Ms Merkel and the French President Francois Hollande have until now refrained from commenting on the poll for fear their remarks could be counterproductive.
But speaking during a news conference with the Nato General Secretary Jens Stoltenberg in Berlin, Ms Merkel appeared to warn that the UK would get a worse deal outside of the EU.
Stressing the importance of the single market she said countries outside the EU "will never get a really good result in negotiations".
She added: "Obviously, it is up to the citizens of the UK themselves how they wish to vote on the upcoming referendum. I've said repeatedly before that I personally would hope and wish for the UK to stay part and parcel of the EU."
She said: "We work well together with the UK particularly when we talk about new rules for the EU.

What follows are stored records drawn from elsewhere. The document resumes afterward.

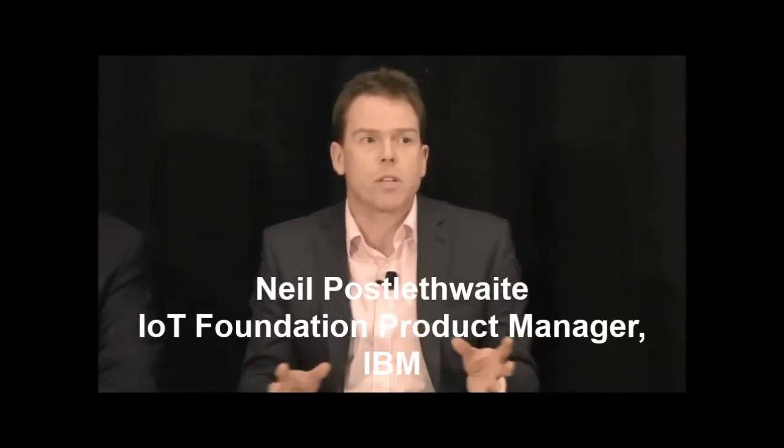Our next topic is retail, public spaces, and manufacturing environments. From an IBM perspective, there's some really interesting technology that has played really well in the retail space and public spaces and also in the manufacturing space. Around geolocation - how do we actually understand where you are if you're in a shopping mall - with iBeacon technology, and connecting those iBeacons up to the cloud.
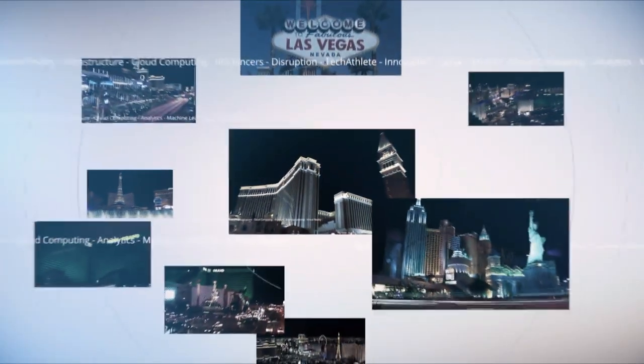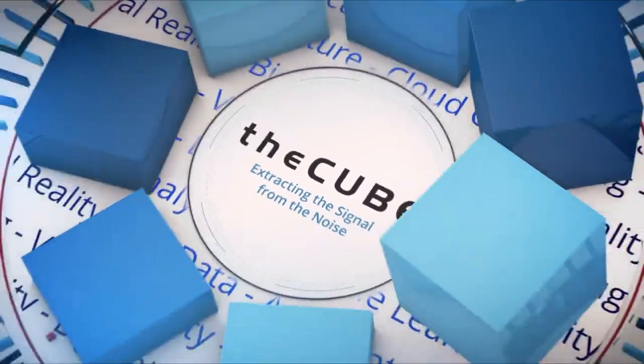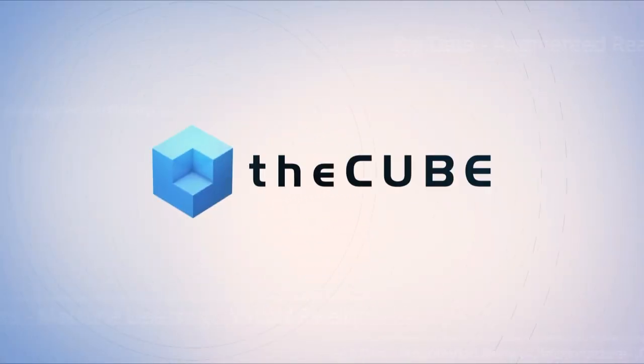Live from Las Vegas, it's theCUBE covering Splunk.conf19, brought to you by Splunk. Welcome back everyone — it's theCUBE's coverage here in Las Vegas for Splunk's .conf19. This is Splunk's 10th year doing .conf, and theCUBE's seventh year of coverage.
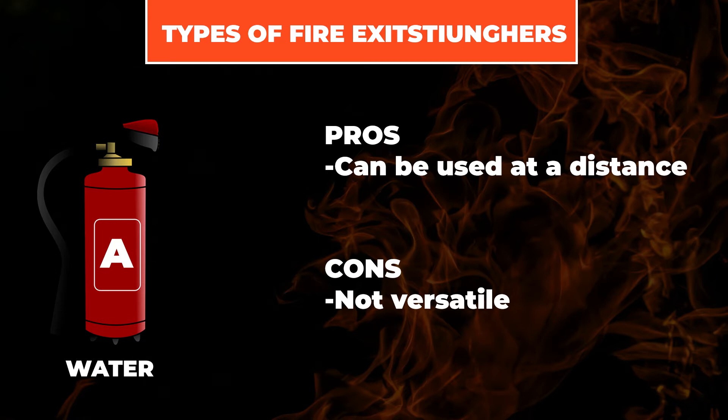Now let's go over the types of fire extinguishers used to put out each different class of fire. Water-based fire extinguishers are used on Class A fires. They typically have stronger streams you can use at a distance, and they'll shoot for about two minutes.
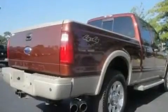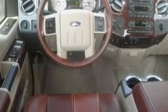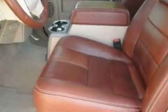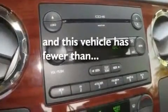It features a 6.4 liter 8-cylinder engine and an automatic transmission. Its top features include dual power seats, air conditioning with automatic climate control, cruise control, a CD player, leather seats, a trailer hitch receiver, aluminum wheels, a low tire pressure indicator, and steering wheel mounted controls. And this vehicle has fewer than 23,000 miles on the odometer.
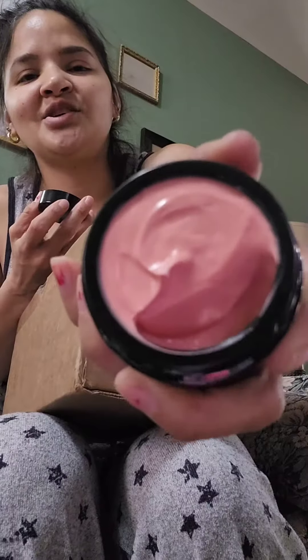I'm so excited for this. It's called Rose Glow Resilient Cream. It's so pretty, and it smells so nice, of course.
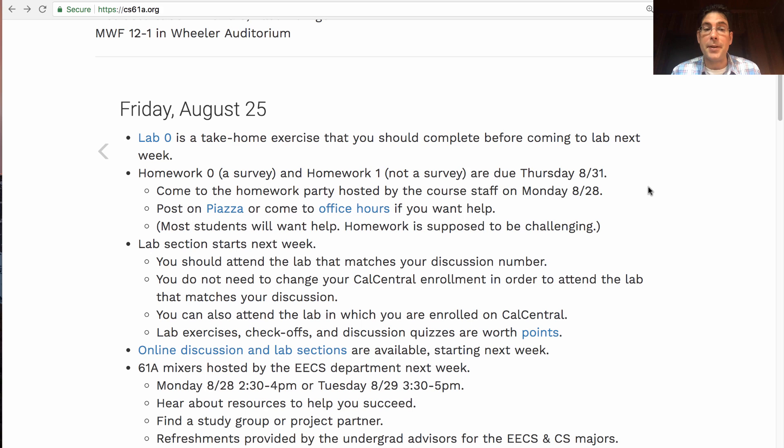Lab section starts next week. You should attend the lab that matches your discussion number. So look on Cal Central — your discussion has a number, there's a lab with that same number, and you should go to that lab. You do not need to change your Cal Central enrollment in order to show up to the lab that matches your discussion. If it turns out that this lab is not something you can attend, you are also welcome to attend the lab in which you are enrolled on Cal Central. But I do strongly recommend that you attend the matching lab to your discussion so that you have the same TA in both sections.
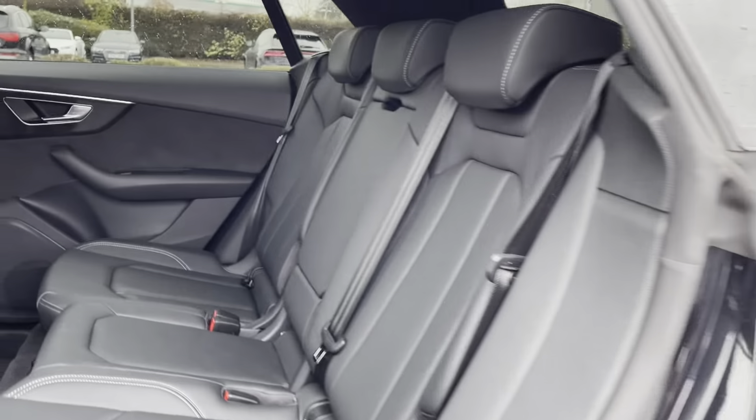Time to check out the interior controls and technology. Just to the right hand side of the steering wheel we do have the window and mirror controls. Just below is the button to open your electric tailgate from the interior. You'll notice on the side here it is set at one and two — this is for the memory function for the driver's seat. You can basically set two different positions, which is ideal if there's more than one driver of the car.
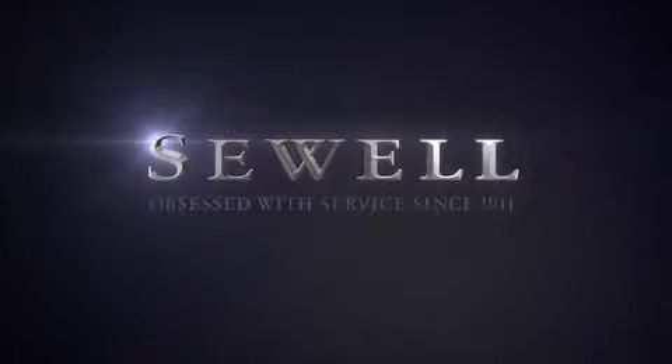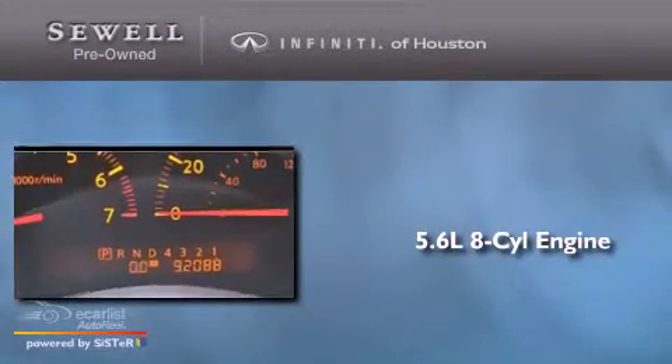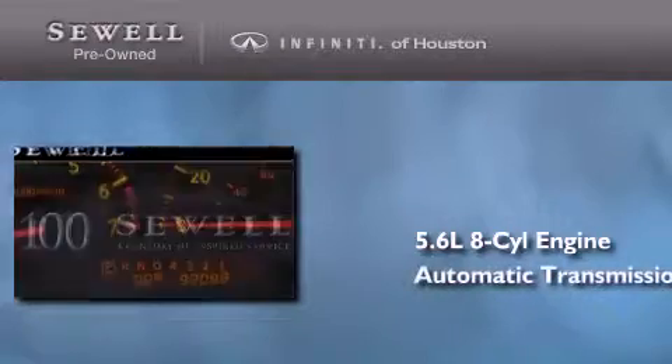Sewell, obsessed with service since 1911. This is a 2006 Infiniti QX56. It features a 5.6 liter 8 cylinder engine and an automatic transmission.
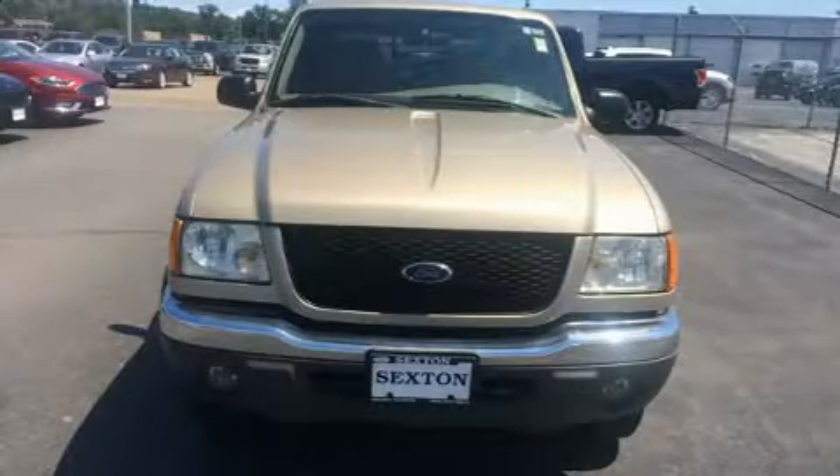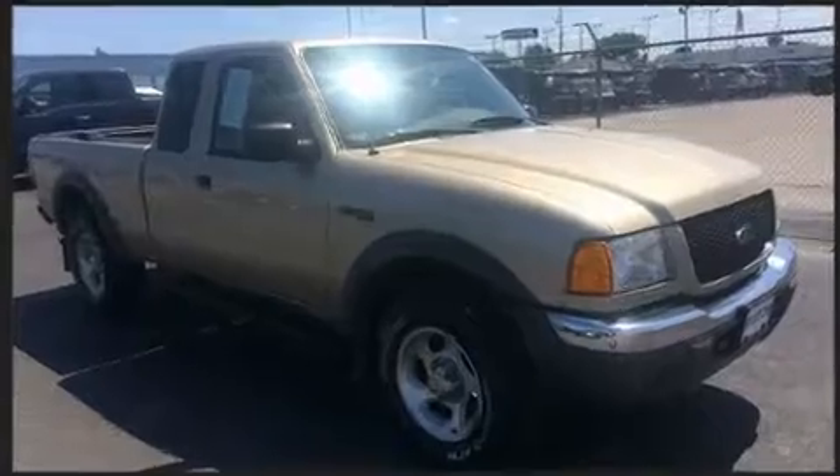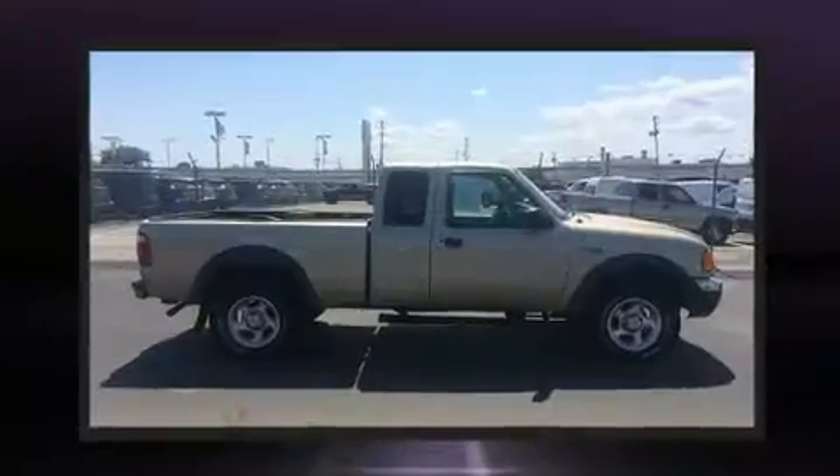The 2002 Ford Ranger. This four-door, five-passenger truck provides exceptional value. It features an automatic transmission, four-wheel drive, and a four-liter six-cylinder engine.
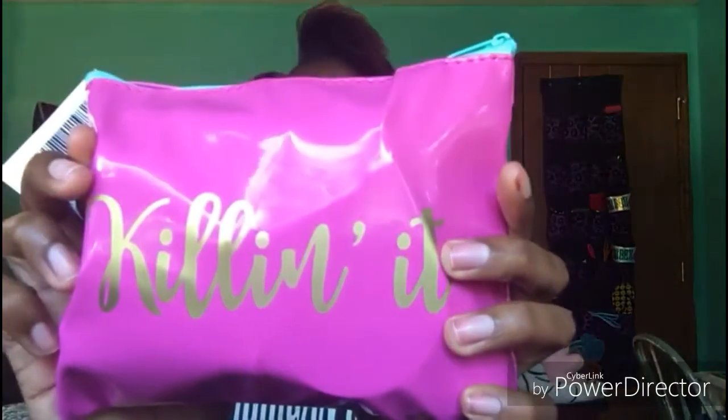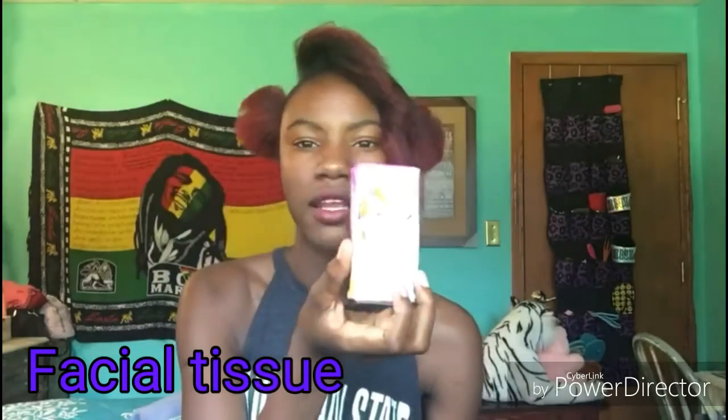So we're gonna start with this pouch first — it's a really nice pink and blue. When you open it, this is what you see. The first thing is this tissue. I really love these pocket tissues because I have really oily skin and these are lifesavers.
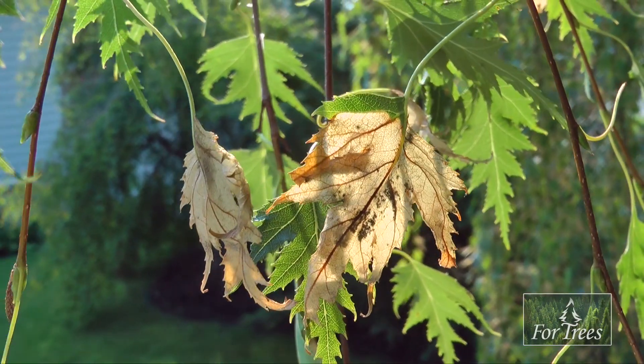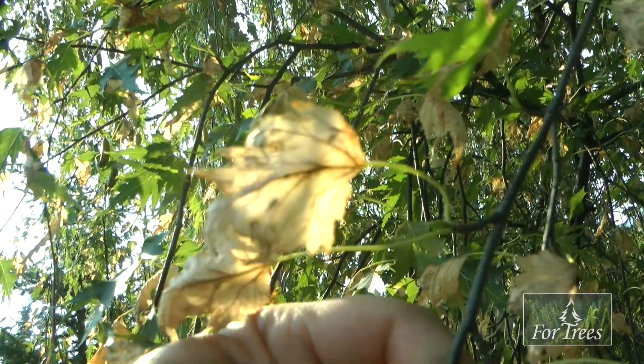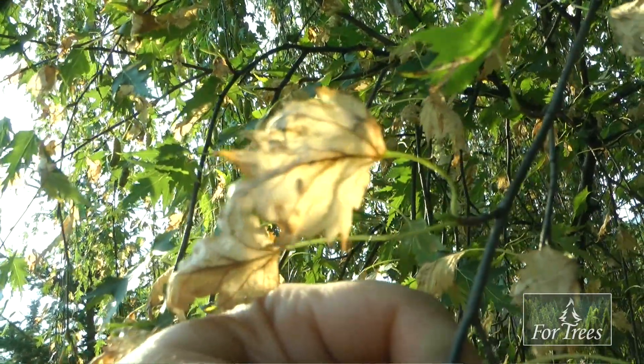The papery leaves and that sort of thing will be a thing of the past until the effects of the treatment wear off, which won't be until possibly 2019 or even 2020.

"We have to develop those together with the UK and whenever we negotiate that, you can much better have an influence on the debate when you sit at the bargaining table and you can give input to those negotiations and the result will then invariably be better rather than being outside of the room."
Her remarks were immediately seized on by the Leave campaign.
The Labour MP Kate Hoey told the BBC Ms Merkel would be "well advised to stay out of what is a very, very important vote for British democracy".
"I really don't think that Angela Merkel telling the British people how they should vote in a democratic referendum in three weeks time will affect anyone's vote," she said.
"We can do extremely well outside the European Union ‒ we don't need to be in the single market, other countries trade with the European Union and are not in the single market. We are the fifth largest economy, we can look outwards."